‘How to Love a Black Woman’

01.19.2013, 1:58 PM

…is the topic of a panel discussion on January 23 at Hampton University’s National Center on African American Marriages and Parenting. Linda Malone-Colon, executive director of the center, is also a senior fellow here at the Institute.

 This informative, timely, provocative and inspirational community discussion will explore how “black women need and deserve to be loved: honestly, respectfully, carefully, wholeheartedly and completely.”

The discussion will include topics such as: true love, intimacy, gender roles, media and other pop culture influences, romance and commitment, physical beauty and spirituality.

Learn more.


12 Responses to “‘How to Love a Black Woman’”

  1. ki sarita says:

    doesn’t seem very scholarly oriented, I’m surprised it’s being hosted by a university department.

  2. Kevin says:

    Black women have love needs that differ from other women, or from men? Really?!

    I guess I’m a black woman: I also want to be loved “honestly, respectfully, carefully, wholeheartedly and completely.”

  3. Hernan says:

    I am stuck coming up with a good way to respond to the sneering of Ki and Kevin’s comments. I’ve got lots of aggressive and angry ways to do it… This is the least bad I’ve got right now.

    I am not going to defend THIS particular panel, but as a genral rule, if one truly wants to reach a scholarly understanding family life in America, one is obligated to examine the lives and history of black families and black women as part of it.

    Black women want and need the same thing out of love that we all do, but it IS worth studying their historical and cultural EXPERIENCES of love, marriage, and family to understand both the similarities and the differences.

  4. ki sarita says:

    Agree with Hernan. I’m all for culture specific studies. My comment is addressing this specific event, after clicking on the link to the program description. Not on the title alone because sometimes folks choose ill matched titles in marketing over-zeal.

  5. ki sarita says:

    With the exception of the moderator, the panelists seem to have been chosen for charisma and/or celebrity status and not for serious research. The way the participants are marketed is also in distinctly lay terms.

    I have the same complaint about this website btw, it is predominantly a lay persons discussion. Nothing wrong with that but the title isn’t honest.

  6. Mont D. Law says:

    My objection to this is the collectivist nature of the enterprise. Nobody loves a black woman or a white woman, they love a particular woman. They don’t live, parent or go to sleep at night with a black woman, but with a woman who hates strawberries, loves orchids and worries about how her hair will look in the morning. Nobody loves anybody based on their colour.

  7. Diane M says:

    Could we all take a chill pill? Hampton University is an historically black university. Guess what? They want to talk about black women.

    We live in a world where things like color and gender matter.
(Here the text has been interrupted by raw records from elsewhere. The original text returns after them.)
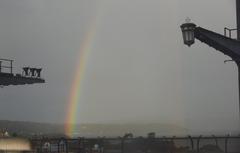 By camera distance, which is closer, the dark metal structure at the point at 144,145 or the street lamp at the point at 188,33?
the street lamp at the point at 188,33

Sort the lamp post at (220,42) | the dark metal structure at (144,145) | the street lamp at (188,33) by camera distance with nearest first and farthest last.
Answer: the street lamp at (188,33)
the lamp post at (220,42)
the dark metal structure at (144,145)

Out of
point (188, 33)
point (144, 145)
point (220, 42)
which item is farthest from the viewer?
point (144, 145)

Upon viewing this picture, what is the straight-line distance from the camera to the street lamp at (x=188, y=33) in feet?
51.3

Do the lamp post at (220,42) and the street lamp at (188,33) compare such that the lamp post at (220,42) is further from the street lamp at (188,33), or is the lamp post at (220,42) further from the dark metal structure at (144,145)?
the dark metal structure at (144,145)

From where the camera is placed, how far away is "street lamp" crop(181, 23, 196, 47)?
1564 cm

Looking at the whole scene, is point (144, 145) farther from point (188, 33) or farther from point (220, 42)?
point (188, 33)

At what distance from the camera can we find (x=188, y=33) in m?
15.7

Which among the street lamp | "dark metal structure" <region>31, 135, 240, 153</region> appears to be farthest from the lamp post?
"dark metal structure" <region>31, 135, 240, 153</region>

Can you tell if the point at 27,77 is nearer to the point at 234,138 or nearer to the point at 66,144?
the point at 66,144

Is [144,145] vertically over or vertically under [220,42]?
under

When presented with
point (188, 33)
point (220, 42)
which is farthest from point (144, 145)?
point (188, 33)

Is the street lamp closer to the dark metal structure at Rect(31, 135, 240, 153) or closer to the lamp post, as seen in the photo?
the lamp post

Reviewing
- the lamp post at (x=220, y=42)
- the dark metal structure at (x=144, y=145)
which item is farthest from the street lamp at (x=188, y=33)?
the dark metal structure at (x=144, y=145)

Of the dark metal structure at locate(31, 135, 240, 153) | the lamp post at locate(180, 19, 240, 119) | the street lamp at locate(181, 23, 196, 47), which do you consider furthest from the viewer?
the dark metal structure at locate(31, 135, 240, 153)
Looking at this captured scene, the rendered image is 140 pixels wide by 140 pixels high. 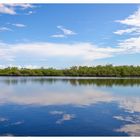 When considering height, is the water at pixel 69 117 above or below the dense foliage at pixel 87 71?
below

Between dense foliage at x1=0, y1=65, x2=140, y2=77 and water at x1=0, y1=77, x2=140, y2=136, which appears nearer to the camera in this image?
water at x1=0, y1=77, x2=140, y2=136

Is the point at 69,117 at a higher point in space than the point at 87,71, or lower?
lower

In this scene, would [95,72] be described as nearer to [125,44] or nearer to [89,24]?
[125,44]

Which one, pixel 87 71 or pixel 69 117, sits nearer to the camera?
pixel 69 117

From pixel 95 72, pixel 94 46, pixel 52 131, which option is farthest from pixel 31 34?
pixel 95 72

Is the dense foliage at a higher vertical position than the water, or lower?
higher

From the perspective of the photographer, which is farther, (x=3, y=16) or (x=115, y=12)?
(x=3, y=16)

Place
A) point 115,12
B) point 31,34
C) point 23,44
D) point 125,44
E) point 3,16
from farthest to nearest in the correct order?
point 125,44, point 23,44, point 31,34, point 3,16, point 115,12

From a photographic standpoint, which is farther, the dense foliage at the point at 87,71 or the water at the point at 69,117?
the dense foliage at the point at 87,71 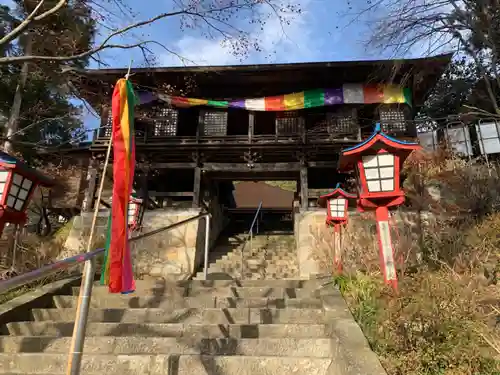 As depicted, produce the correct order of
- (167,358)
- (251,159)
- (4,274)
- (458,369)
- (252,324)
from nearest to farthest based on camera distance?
(458,369), (167,358), (252,324), (4,274), (251,159)

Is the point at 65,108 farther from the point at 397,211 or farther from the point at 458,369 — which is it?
the point at 458,369

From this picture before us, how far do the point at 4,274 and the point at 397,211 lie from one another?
9.31m

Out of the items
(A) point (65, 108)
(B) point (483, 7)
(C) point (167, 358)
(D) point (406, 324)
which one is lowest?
(C) point (167, 358)

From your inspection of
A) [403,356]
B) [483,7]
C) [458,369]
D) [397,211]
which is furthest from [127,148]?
[397,211]

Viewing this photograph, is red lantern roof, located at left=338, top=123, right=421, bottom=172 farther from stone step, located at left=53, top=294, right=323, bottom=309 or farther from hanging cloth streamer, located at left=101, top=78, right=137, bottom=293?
hanging cloth streamer, located at left=101, top=78, right=137, bottom=293

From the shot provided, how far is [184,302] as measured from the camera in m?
4.43

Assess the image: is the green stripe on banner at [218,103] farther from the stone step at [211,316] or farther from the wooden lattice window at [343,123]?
the stone step at [211,316]

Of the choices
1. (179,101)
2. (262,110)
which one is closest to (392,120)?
(262,110)

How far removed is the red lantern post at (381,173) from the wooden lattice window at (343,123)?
23.7 feet

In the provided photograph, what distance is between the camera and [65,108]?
45.4 ft

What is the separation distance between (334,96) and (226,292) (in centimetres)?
906

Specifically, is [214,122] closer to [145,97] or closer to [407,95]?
[145,97]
Sometimes we need to talk about them. Being a black woman in America is a different experience from being a white woman or a black man.

    I’m sure some of the talks will touch on universal issues – we all want love and respect, but some will be about issues that matter to black women and men.

    @Mont D Law – I hope my husband loves me for the content of my character, but I assure you when I go to sleep at night I am a white woman. My skin does not change color overnight. And while it is harder to recognize if you are white, given the society we live in, this is part of my identity and it affects my personality.

  8. Mont D. Law says:

    {And while it is harder to recognize if you are white, given the society we live in, this is part of my identity and it affects my personality.}

    So your husband loves you more because you’re white? Better? Differently? Less? How does your white identity and white personality effect the way your husband loves you? What would be different if you were black? If he was?

  9. kisarita says:

    there is something known as african american culture, and this program seems ro assume its not too critical

  10. Diane M says:

    @ki sarita – I’m not sure why you think the program isn’t talking about African American culture. One of the panelists has written about “ending the war between black men and women” and parenting for African Americans. The poet’s work includes video poetry about African Americans. The minister is getting a doctorate in African American church leadership. The woman putting together the panel researches issues of “identifying protective and risk factors for African Americans in developing satisfying and stable marital relationships.”

    It looks like an interesting panel. I’m not sure why people are so critical of it.

  11. Diane M says:

    @Mont D Law – I think the claim that you love an individual person without loving their race doesn’t make sense. Race is part of you, the individual that you are. It’s not just your hair color. That’s the world that we live in.

    Mostly, though, I think it makes no sense to complain if scholars at an historically black college want to talk about love and African American women without having to talk about love and white women.

    It makes perfect sense to me that African American women have different experiences than white women and that they might actually need some things white women don’t.

    But don’t ask me about it. Go to the conference or read some of what they’re saying.

  12. ki sarita says:

    by not too critical I meant not too intellectually rigorous.